Vast – and Bipartisan – Majority Supports Mask Mandate
More than three in four support having a law requiring people wear masks in their state.
- Such a law enjoys majority support from Democrats (92%), independents (70%), and Republicans (62%), with a 5-point increase in Republican support since August 3 (from 57% to 62%).
Pandemic Remains a Top Concern for Americans
A majority of Americans continue to choose the pandemic as a top issue for the President and Congress to focus on.
- Jobs and the economy and health care also remain top issues for Americans.
- One in six (15%) also continue to rate Supreme Court appointments as a top issue.
Coronavirus Dominates the Negative Conversation Around Trump This Week
The share who report hearing mostly negative or an equal mix of positive and negative things about Trump this week has reached 82%, compared to 79% the week before and 74% the week before that.
Those hearing negative things about Trump this week focus on his response to coronavirus and his behavior after contracting the virus.
Negative Views Persist of Trump’s Handling of Range of Issues
Trump’s approval ratings remain underwater on everything from the economy to handling the pandemic.
- Among independents, Trump is just breaking even on the economy (46% approve/46% disapprove), and on the pandemic, is underwater by 25 points (34% approve/59% disapprove).
Three in Five Say Trump “Not Doing Enough” on Pandemic
The majority of Americans say that Trump is “not doing enough” on handling the pandemic, approaching the level who said the same mid-July during the surge in new cases that took place in the U.S. this summer.
- On a separate question, 58% say that America is doing worse than most other countries in the world with our response to the coronavirus pandemic, including more than a third (35%) who say we are doing “much worse.”

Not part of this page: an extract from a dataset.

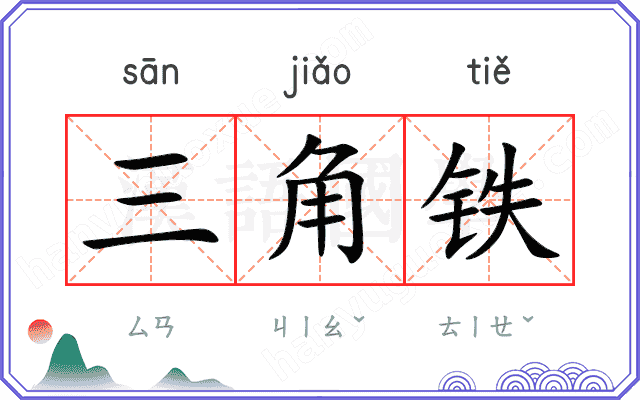 三角铁
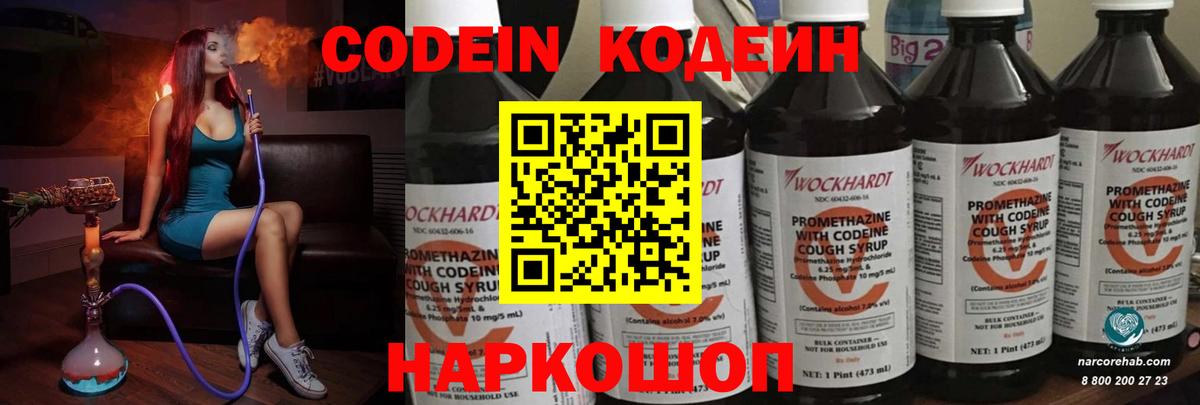 Углич  Кодеиновый сироп Lean Purple Drank  Кодеиновый сироп Lean напиток Lean (лин)  Вход с VPN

Pandemic Tops List of Americans’ Greatest Concerns About Trump
The top two issues Americans have the most concerns about on how Trump is handling his job – his failed handling of the pandemic and irresponsible behavior – are two of the issues Americans are also hearing about most.
Trump’s Presidency: “Self-Absorbed,” “Chaotic,” & “Irresponsible”
The majority of Americans say that negative words, including self-absorbed, chaotic, irresponsible, and unprepared, apply to Donald Trump’s handling of the presidency while less than half say positive words apply.
- Among independents, majorities say “self-absorbed” (60%) and “chaotic” (64%) apply to Trump’s handling of the presidency.
Public Sees Poor Leadership in Trump’s Refusal to Take Precautions or Wear a Mask
Just a third see Trump as showing strength by not taking precautions like wearing a mask or strictly social distancing, while three in five see Joe Biden as a good leader for observing these precautions “like everyone should.”
Americans Say Biden Has Been Transparent About His Health, But Trump Has Not
Majorities say Trump and the White House have not been transparent enough about the president’s medical condition, and that Joe Biden has been transparent enough about his own medical condition since Trump’s diagnosis.
Joe Biden Trusted Much More Than Trump to Get Life in America “Back to Normal Again”
A majority trust Biden more to get life post-pandemic back to normal again, while only two in five trust Trump more.
- Biden holds an 11-point advantage among independents on getting life back to normal (41% to 30%).
Americans Support Decision to Make Second Presidential Debate Virtual and Oppose Trump’s Withdrawal
Two in three support the decision by the Commission on Presidential Debates to host a virtual debate instead of an in-person debate following Trump’s positive coronavirus diagnosis, while a majority oppose his withdrawal as a result.